Des questions laissées sans réponses
M. Harper n’a pas fourni à ses troupes des explications supplémentaires à propos de cette transaction : qui savait ? Qui l’a décidée ? Qui a contacté le Bureau de régie interne du Sénat pour que le rapport sur M. Duffy soit édulcoré ? Ces explications, a reconnu le sénateur conservateur Jean-Guy Dagenais, n’ont pas été fournies lors du caucus. « Non, on n’en a pas eu, et moi, personnellement, je ne tiens pas à en avoir. » Le ministre du Patrimoine, James Moore, confirme. « On a entendu le même discours du premier ministre [que les journalistes] », discours dont étaient absents ces détails.
La défense officielle consiste à dire que Nigel Wright a utilisé son argent personnel pour rembourser les contribuables.
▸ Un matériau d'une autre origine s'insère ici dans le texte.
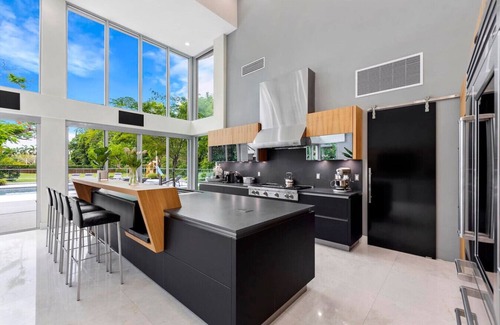 Southwest Ranches Apartment | Gated 9BR Estate for 20 w/Private Pool, Jacuzzi, Theater & Guest House! Pet-Friendly!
Il était donc mû par une bonne intention. Pas question d’exiger que M. Duffy rembourse M. Wright, ces deux personnes, indique-t-on au bureau de M. Harper, ayant agi « à titre individuel ».
Pour le NPD, toutefois, ce paiement pose problème, car il contrevient probablement à la Loi sur le Parlement du Canada, qui stipule qu’il est « interdit à tout sénateur de recevoir […] une rémunération pour services rendus […] relativement à quelque […] affaire devant le Sénat ». Cette infraction est punissable par une amende de 1000 à 4000 $, tandis que celui qui donne la rémunération est sujet à une peine d’un an de prison et à une amende de 500 à 2000 $. « Est-ce que le ministre de la Justice croit que l’ancien chef de cabinet du premier ministre a commis ce crime lorsqu’il a donné au sénateur Duffy 90 000 $ dans le cadre de cette entente de camouflage ? », a demandé le député néodémocrate Craig Scott. Il n’a pas obtenu de réponse.
Pour le chef libéral Justin Trudeau, il est clair que « le gouvernement conservateur, sous le leadership du premier ministre, a perdu son compas moral ». Les libéraux réclament la tenue d’une enquête au comité de l’éthique devant lequel devraient comparaître MM. Wright, Perrin, Harper et son nouveau chef de cabinet, Ray Novak. Au Sénat, les libéraux demandent au président de déterminer s’il y a eu bris de privilège. Dans l’affirmative, l’affaire serait confiée à un comité parlementaire où ces mêmes témoins seraient assurément appelés à comparaître.
Mike Duffy a finalement quitté le caucus conservateur, tout comme la sénatrice Pamela Wallin. Les deux siègent au Sénat comme indépendants. Mac Harb et Patrick Brazeau ont déjà fait de même. Mme Wallin fait l’objet d’une enquête à cause de ses notes de frais de déplacement élevées. Le rapport final sur sa situation n’a pas encore été rendu public, mais certains médias rapportent que c’est parce que les résultats préliminaires sont accablants qu’elle a été invitée à quitter le caucus préventivement.